**Brief:**
Beginning with the line containing "Baby Phat Phat" and going on through the line containing "Voir la diapositive", the lines below are to be returned exactly, pictures excluded and nothing added.

**Information shown:**
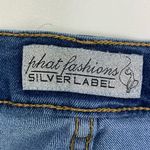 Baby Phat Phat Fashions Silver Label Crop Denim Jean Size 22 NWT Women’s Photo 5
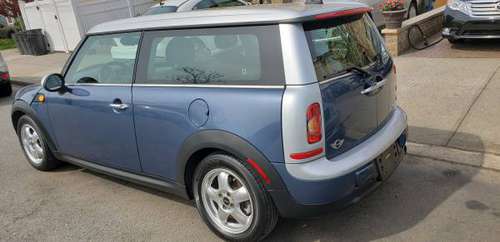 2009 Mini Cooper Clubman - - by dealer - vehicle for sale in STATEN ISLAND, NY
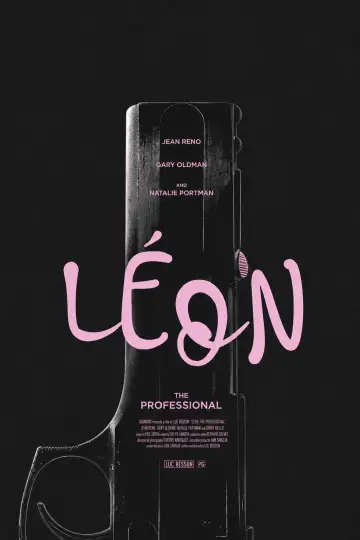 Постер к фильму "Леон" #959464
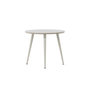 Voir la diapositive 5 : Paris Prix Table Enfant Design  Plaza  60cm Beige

--

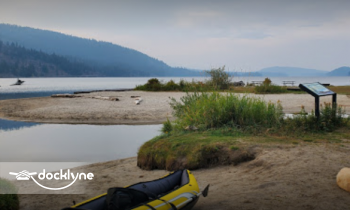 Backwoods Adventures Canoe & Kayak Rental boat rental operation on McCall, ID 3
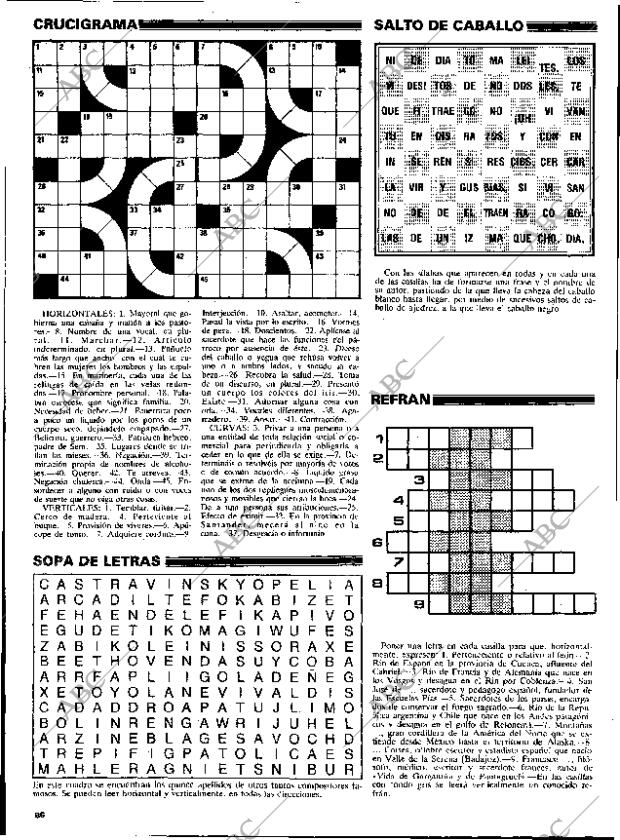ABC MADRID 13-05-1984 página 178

**Exercise response:**
 Baby Phat Phat Fashions Silver Label Crop Denim Jean Size 22 NWT Women’s Photo 5
 2009 Mini Cooper Clubman - - by dealer - vehicle for sale in STATEN ISLAND, NY
 Постер к фильму "Леон" #959464
 Voir la diapositive 5 : Paris Prix Table Enfant Design  Plaza  60cm Beige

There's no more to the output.